Find the line with "Náves Lamberet LVFS" in the records below. Copy it and every line after it, up to and including the line with "Prodej bytu 2+1 55 m² – fotografie 3".

:: GIVEN ENTRIES ::

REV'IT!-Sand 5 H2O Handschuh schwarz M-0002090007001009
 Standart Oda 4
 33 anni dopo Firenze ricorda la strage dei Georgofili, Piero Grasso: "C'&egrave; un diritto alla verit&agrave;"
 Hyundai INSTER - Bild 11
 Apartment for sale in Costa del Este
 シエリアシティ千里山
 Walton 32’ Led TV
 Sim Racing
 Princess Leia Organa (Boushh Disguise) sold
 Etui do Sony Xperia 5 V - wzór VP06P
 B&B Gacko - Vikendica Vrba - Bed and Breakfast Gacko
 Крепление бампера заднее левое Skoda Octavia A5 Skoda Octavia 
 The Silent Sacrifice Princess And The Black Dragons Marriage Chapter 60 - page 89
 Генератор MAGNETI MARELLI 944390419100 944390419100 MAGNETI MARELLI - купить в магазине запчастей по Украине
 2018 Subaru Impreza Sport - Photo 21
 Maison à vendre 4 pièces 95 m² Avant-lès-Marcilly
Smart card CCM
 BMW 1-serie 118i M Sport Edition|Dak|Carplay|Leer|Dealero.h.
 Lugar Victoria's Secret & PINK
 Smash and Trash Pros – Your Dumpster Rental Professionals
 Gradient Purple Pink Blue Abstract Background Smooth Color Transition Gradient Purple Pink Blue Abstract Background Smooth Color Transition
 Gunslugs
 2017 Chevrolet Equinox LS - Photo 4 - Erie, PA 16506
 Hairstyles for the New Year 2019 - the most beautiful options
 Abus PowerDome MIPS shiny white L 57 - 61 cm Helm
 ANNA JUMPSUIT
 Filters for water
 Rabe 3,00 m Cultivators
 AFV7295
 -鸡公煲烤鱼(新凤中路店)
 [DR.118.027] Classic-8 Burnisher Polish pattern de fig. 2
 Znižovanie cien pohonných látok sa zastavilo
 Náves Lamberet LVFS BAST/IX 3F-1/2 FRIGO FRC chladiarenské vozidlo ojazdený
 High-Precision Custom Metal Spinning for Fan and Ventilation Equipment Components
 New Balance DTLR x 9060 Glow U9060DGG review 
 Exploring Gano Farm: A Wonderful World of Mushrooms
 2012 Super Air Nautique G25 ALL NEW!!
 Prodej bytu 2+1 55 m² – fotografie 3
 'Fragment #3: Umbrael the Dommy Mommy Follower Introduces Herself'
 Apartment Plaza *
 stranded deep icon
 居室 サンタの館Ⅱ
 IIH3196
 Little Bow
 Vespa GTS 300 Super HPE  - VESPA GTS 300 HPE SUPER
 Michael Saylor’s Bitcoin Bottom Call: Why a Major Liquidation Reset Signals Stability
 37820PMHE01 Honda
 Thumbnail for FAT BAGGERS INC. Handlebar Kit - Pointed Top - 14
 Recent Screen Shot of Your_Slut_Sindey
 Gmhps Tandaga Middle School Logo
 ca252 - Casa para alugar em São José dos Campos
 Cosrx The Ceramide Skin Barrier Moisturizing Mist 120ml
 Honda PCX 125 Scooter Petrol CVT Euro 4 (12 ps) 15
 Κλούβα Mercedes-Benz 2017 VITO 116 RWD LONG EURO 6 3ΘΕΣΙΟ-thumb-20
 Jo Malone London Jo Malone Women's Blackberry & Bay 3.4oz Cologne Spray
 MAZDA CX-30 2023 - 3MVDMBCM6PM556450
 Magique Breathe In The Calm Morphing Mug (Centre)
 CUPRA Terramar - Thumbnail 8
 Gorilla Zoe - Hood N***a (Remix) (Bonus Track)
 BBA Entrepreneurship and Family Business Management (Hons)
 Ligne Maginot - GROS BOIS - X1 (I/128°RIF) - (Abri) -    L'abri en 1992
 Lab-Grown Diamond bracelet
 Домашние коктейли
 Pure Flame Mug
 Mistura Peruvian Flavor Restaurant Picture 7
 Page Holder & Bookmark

:::

_OUTPUT FOR THIS EXERCISE:_
 Náves Lamberet LVFS BAST/IX 3F-1/2 FRIGO FRC chladiarenské vozidlo ojazdený
 High-Precision Custom Metal Spinning for Fan and Ventilation Equipment Components
 New Balance DTLR x 9060 Glow U9060DGG review 
 Exploring Gano Farm: A Wonderful World of Mushrooms
 2012 Super Air Nautique G25 ALL NEW!!
 Prodej bytu 2+1 55 m² – fotografie 3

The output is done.